I have an input file like this:
315secondbin x12121321211332123x
315firstbin 3212212121x
315thirdbin 132221312
316firstbin 121
316secondbin 1212
What I want to do is count how many instances of a few different strings (say "121" and "212") exist in each line counting overlap. So my expected output would be:
6
5
0
1
2
So I slightly modified some awk from another thread to use the OR operator in hopes that it would count up everything that meets either condition:
{
count = 0
$0 = tolower($0)
while (length() > 0) {
m = match($0, /212/ || /121/)
if (m == 0)
break
count++
$0 = substr($0, m + 1)
}
print count
}
unfortunately, my output is this:
8
4
0
2
3
But if I leave out the OR it counts perfectly. What am I doing wrong?
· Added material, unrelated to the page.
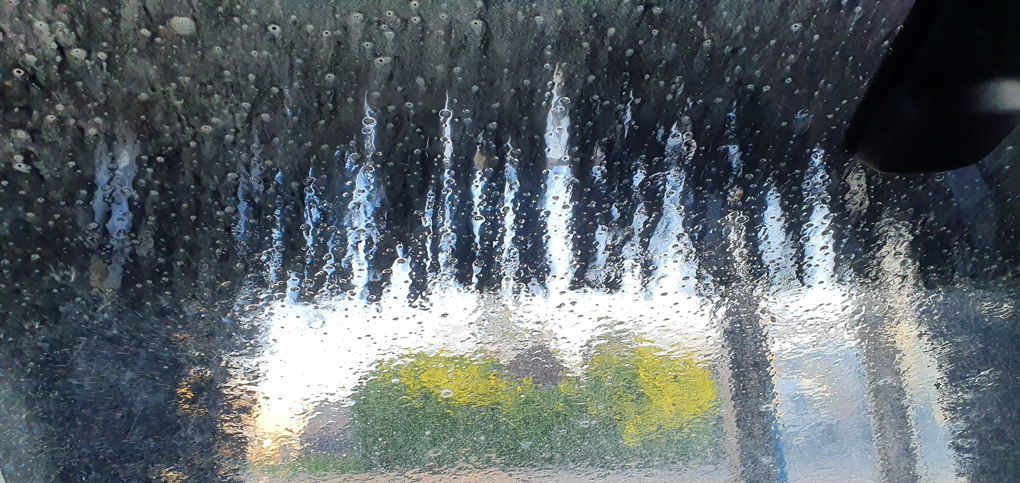 In a car wash, the brush is halfway down the front windscreen, with water cascading down the screen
Also, I run the script on the file ymaz.txt by running:
cat ymaz.txt | awk -v "pattern=" -f count3.awk
As an alternate approach I tried this:
{
count = 0
$0 = tolower($0)
while (length() > 0) {
m = match($0, /212/)
y = match($0, /121/)
if ((m == 0) && (y == 0))
break
count++
$0 = substr($0, (m + 1) + (y + 1))
}
print count
}
but my output was this:
1
1
0
1
1
What am I doing wrong? I know I should be understanding the code and not cutting and pasting stuff together, but that's my skill level at this point.
BTW when I don't have the OR in there (ie I'm just searching for 1 string) it works perfectly.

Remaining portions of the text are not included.